Supplied material Start Marker

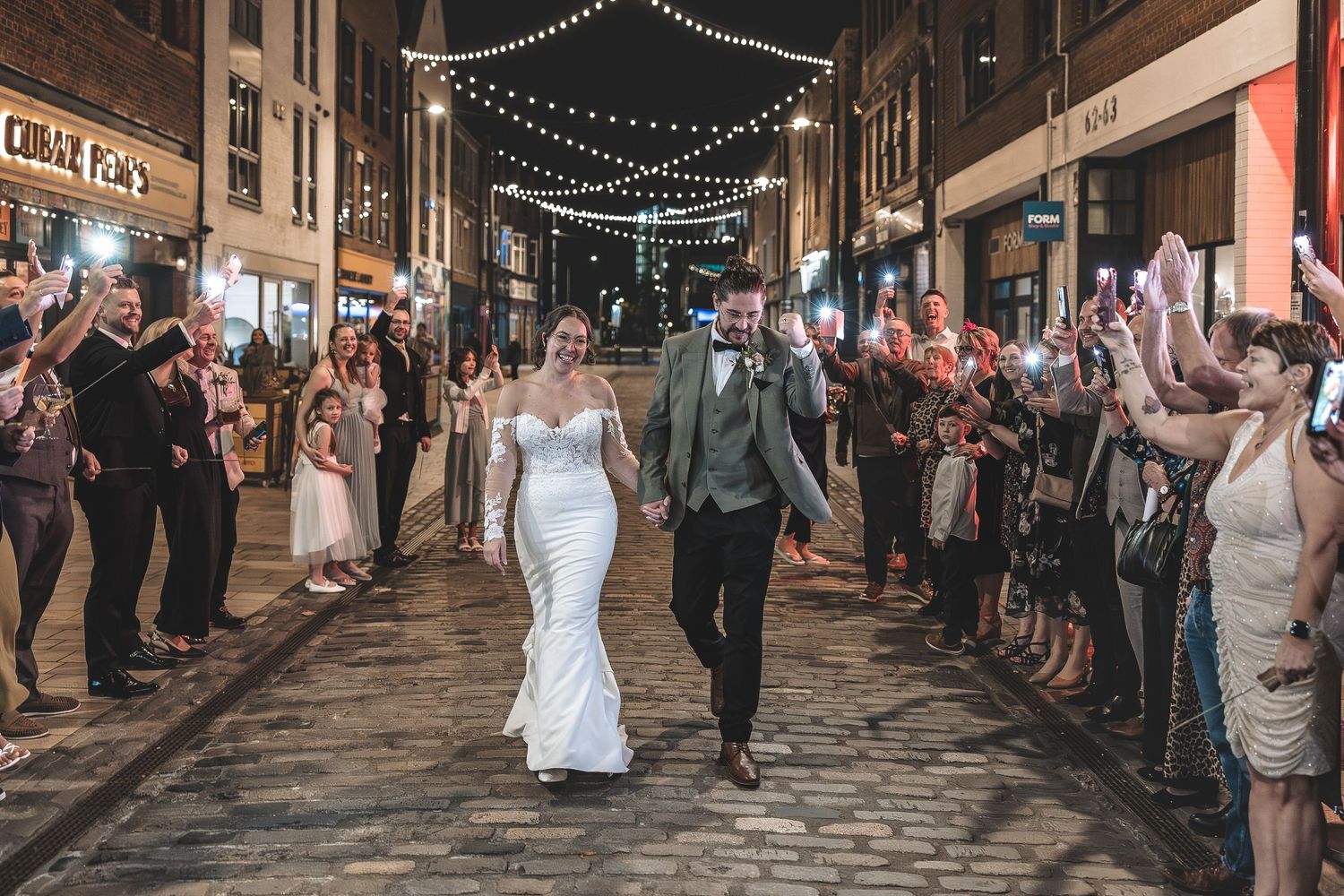Guests celebrating with married couple walking through Hull's Humber Street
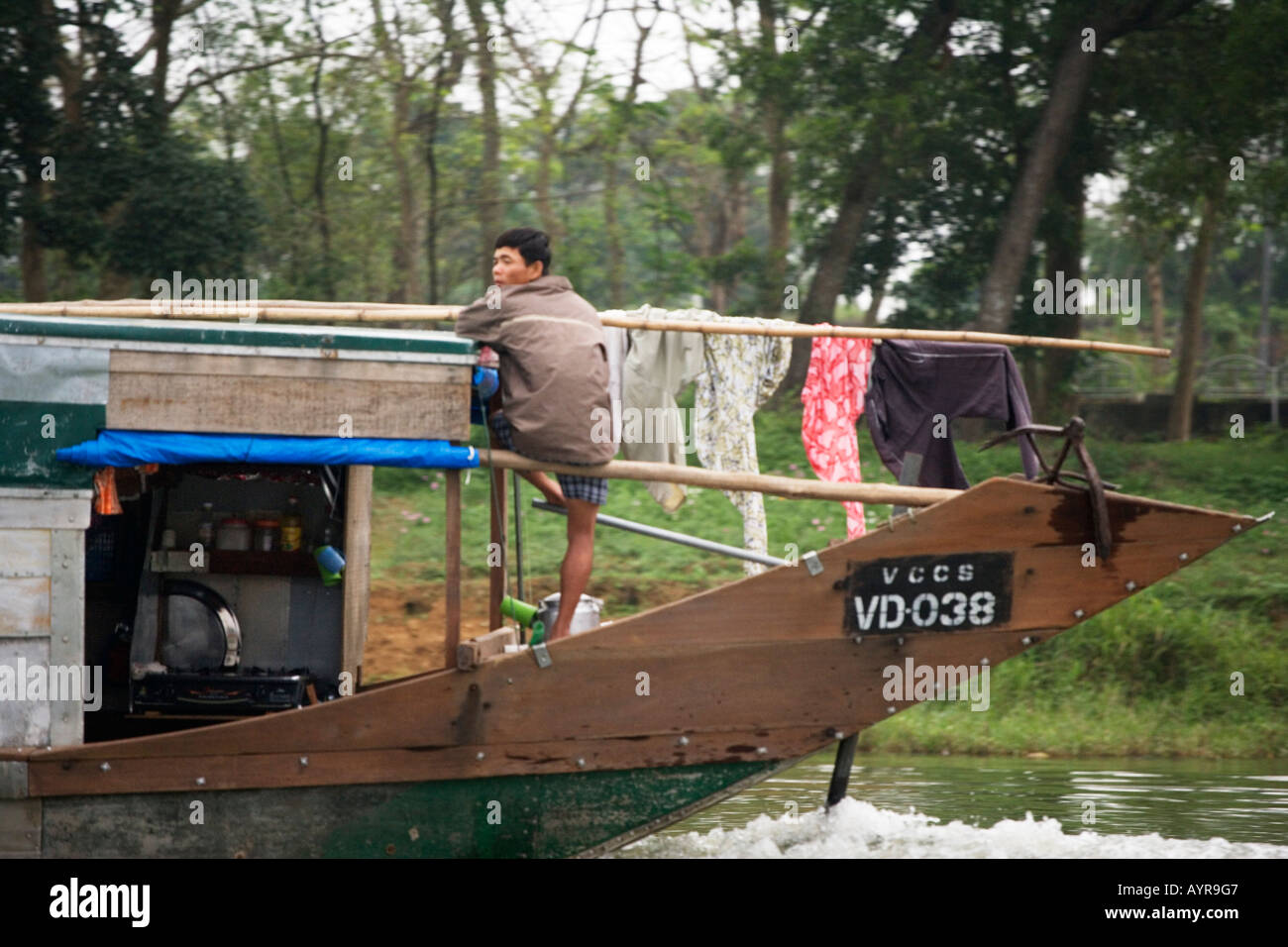 L'homme vietnamiens steers bateau avec son pied, séchage de blanchisserie, Hue, Vietnam Banque D'Images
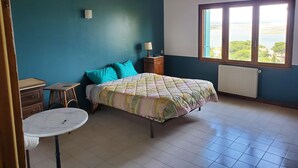 Une chambre à coucher comprenant un lit, une petite table, une table de chevet, une fenêtre avec vue et un ventilateur de plafond.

Supplied material End Marker

How to complete this task ->
With the pictures removed, set down every line of the listing above exactly.

Answer section ->
Guests celebrating with married couple walking through Hull's Humber Street
 L'homme vietnamiens steers bateau avec son pied, séchage de blanchisserie, Hue, Vietnam Banque D'Images
 Une chambre à coucher comprenant un lit, une petite table, une table de chevet, une fenêtre avec vue et un ventilateur de plafond.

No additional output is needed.